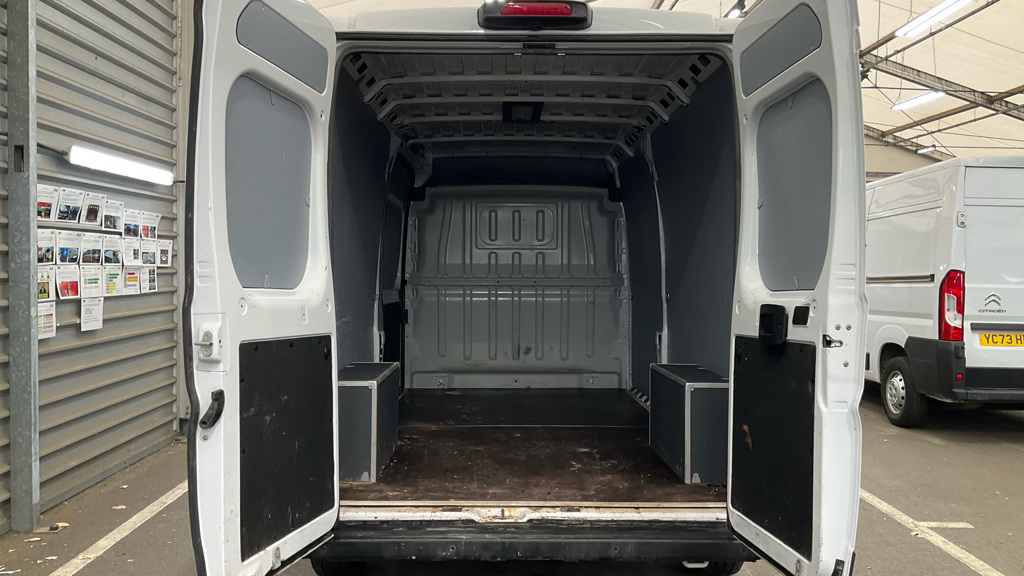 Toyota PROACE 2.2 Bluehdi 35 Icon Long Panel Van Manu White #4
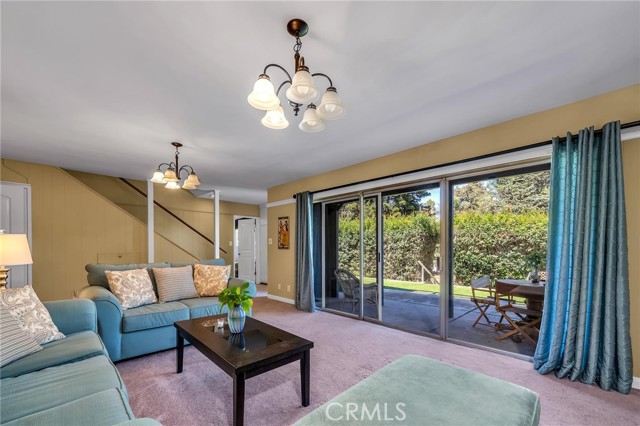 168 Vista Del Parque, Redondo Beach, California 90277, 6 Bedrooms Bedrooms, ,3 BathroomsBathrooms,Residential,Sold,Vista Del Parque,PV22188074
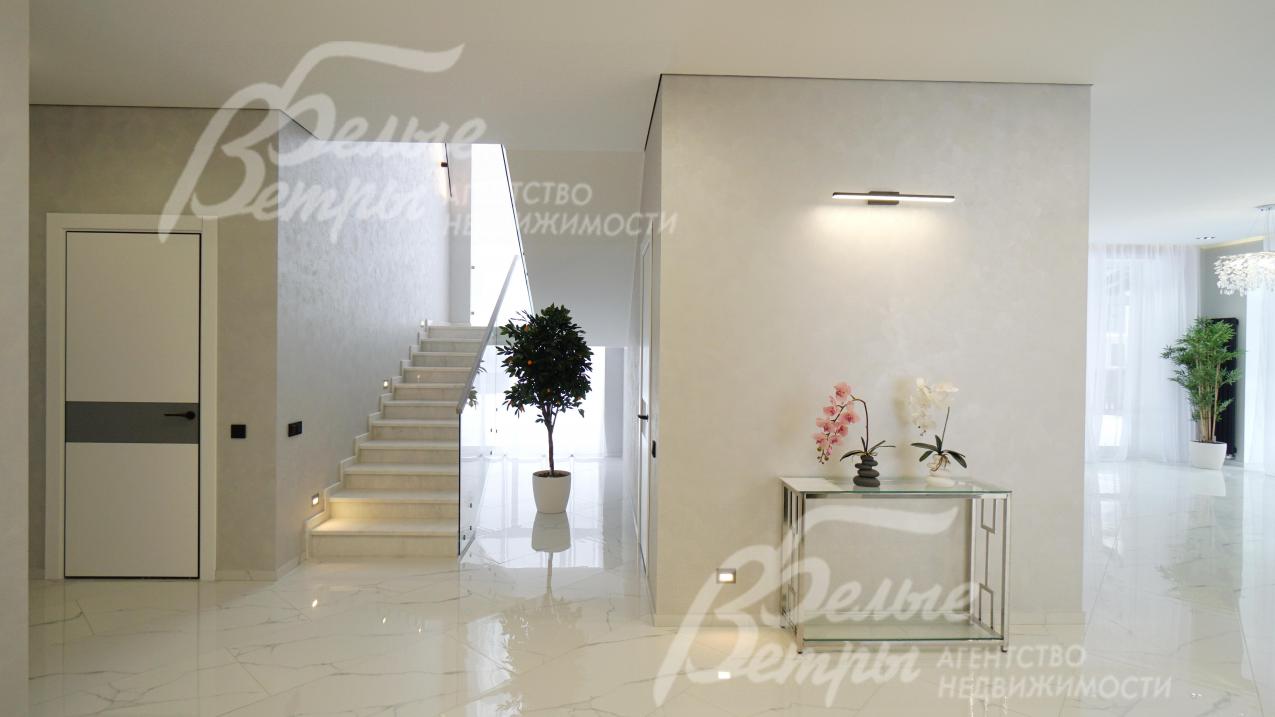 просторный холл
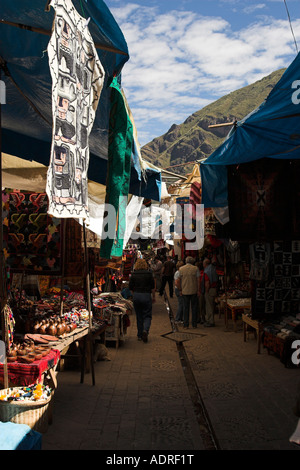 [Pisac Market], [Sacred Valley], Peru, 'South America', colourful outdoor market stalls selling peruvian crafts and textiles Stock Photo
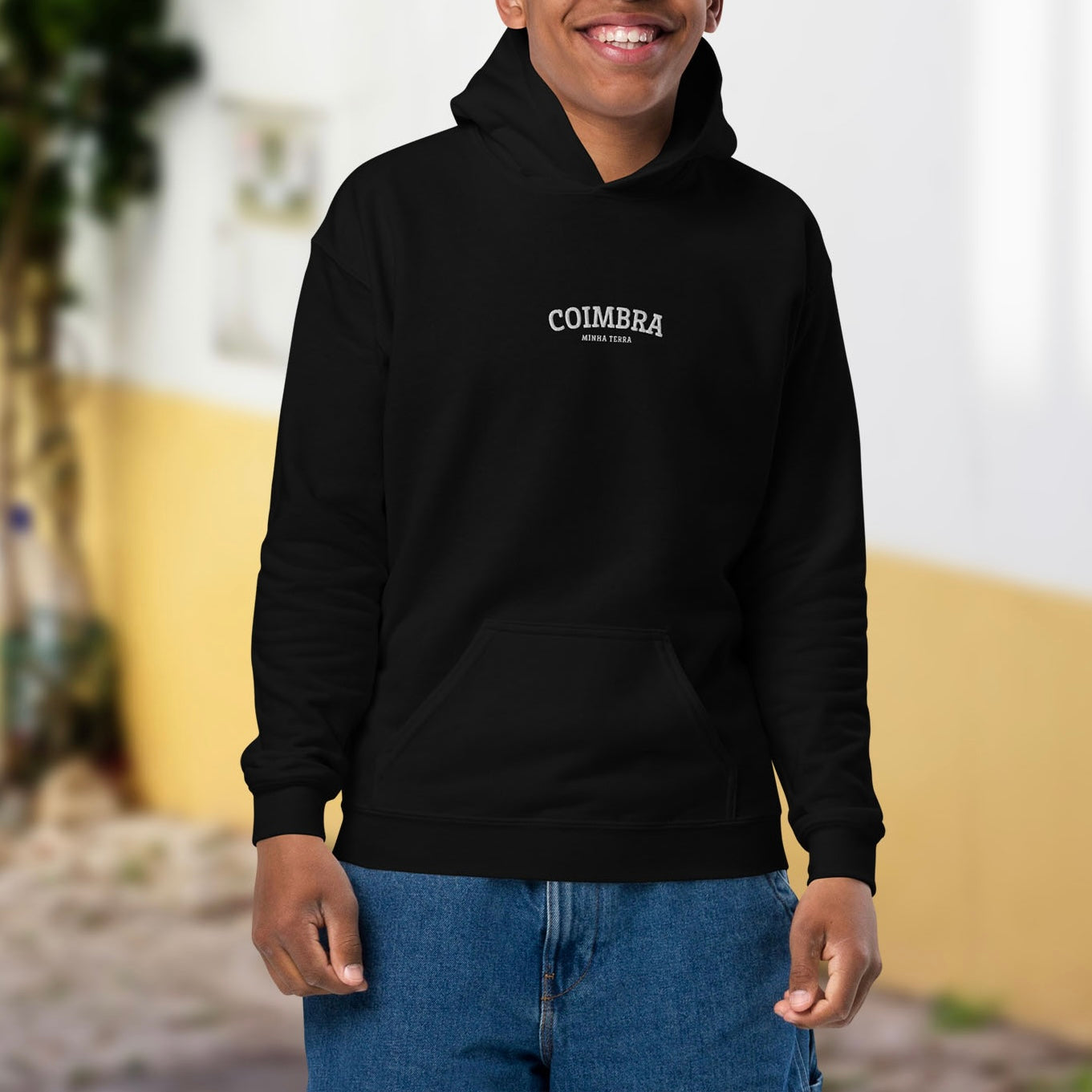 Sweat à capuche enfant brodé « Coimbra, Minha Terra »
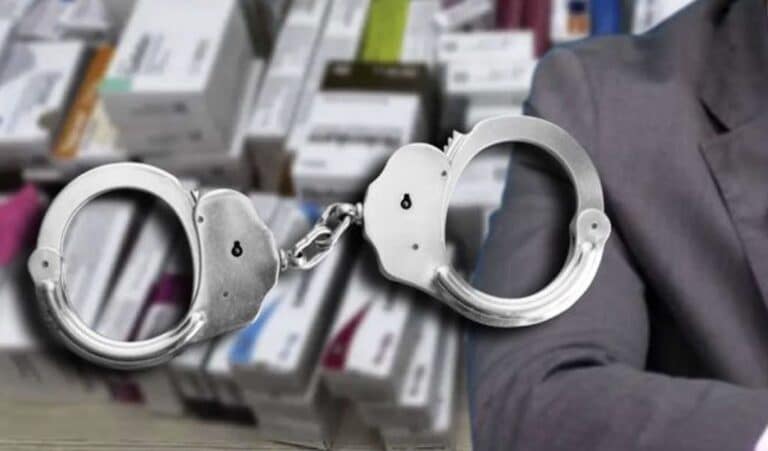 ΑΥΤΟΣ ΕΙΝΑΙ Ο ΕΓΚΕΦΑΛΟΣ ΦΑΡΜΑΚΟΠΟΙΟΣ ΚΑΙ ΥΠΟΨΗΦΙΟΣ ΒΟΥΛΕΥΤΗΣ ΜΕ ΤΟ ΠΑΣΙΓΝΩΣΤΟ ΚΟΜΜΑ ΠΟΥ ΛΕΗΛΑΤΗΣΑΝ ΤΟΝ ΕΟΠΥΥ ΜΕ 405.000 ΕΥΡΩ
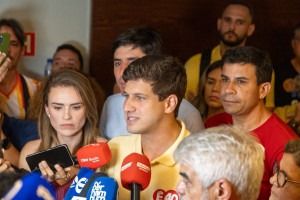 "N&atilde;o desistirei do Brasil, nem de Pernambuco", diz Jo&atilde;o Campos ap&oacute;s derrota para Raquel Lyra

────────────────

#### WORK TASK:
Set down, word for word, the line that holds "просторный холл" and all lines after it to the end of the entries above, but not the pictures.

#### EXERCISE RESPONSE:
 просторный холл
 [Pisac Market], [Sacred Valley], Peru, 'South America', colourful outdoor market stalls selling peruvian crafts and textiles Stock Photo
 Sweat à capuche enfant brodé « Coimbra, Minha Terra »
 ΑΥΤΟΣ ΕΙΝΑΙ Ο ΕΓΚΕΦΑΛΟΣ ΦΑΡΜΑΚΟΠΟΙΟΣ ΚΑΙ ΥΠΟΨΗΦΙΟΣ ΒΟΥΛΕΥΤΗΣ ΜΕ ΤΟ ΠΑΣΙΓΝΩΣΤΟ ΚΟΜΜΑ ΠΟΥ ΛΕΗΛΑΤΗΣΑΝ ΤΟΝ ΕΟΠΥΥ ΜΕ 405.000 ΕΥΡΩ
 "N&atilde;o desistirei do Brasil, nem de Pernambuco", diz Jo&atilde;o Campos ap&oacute;s derrota para Raquel Lyra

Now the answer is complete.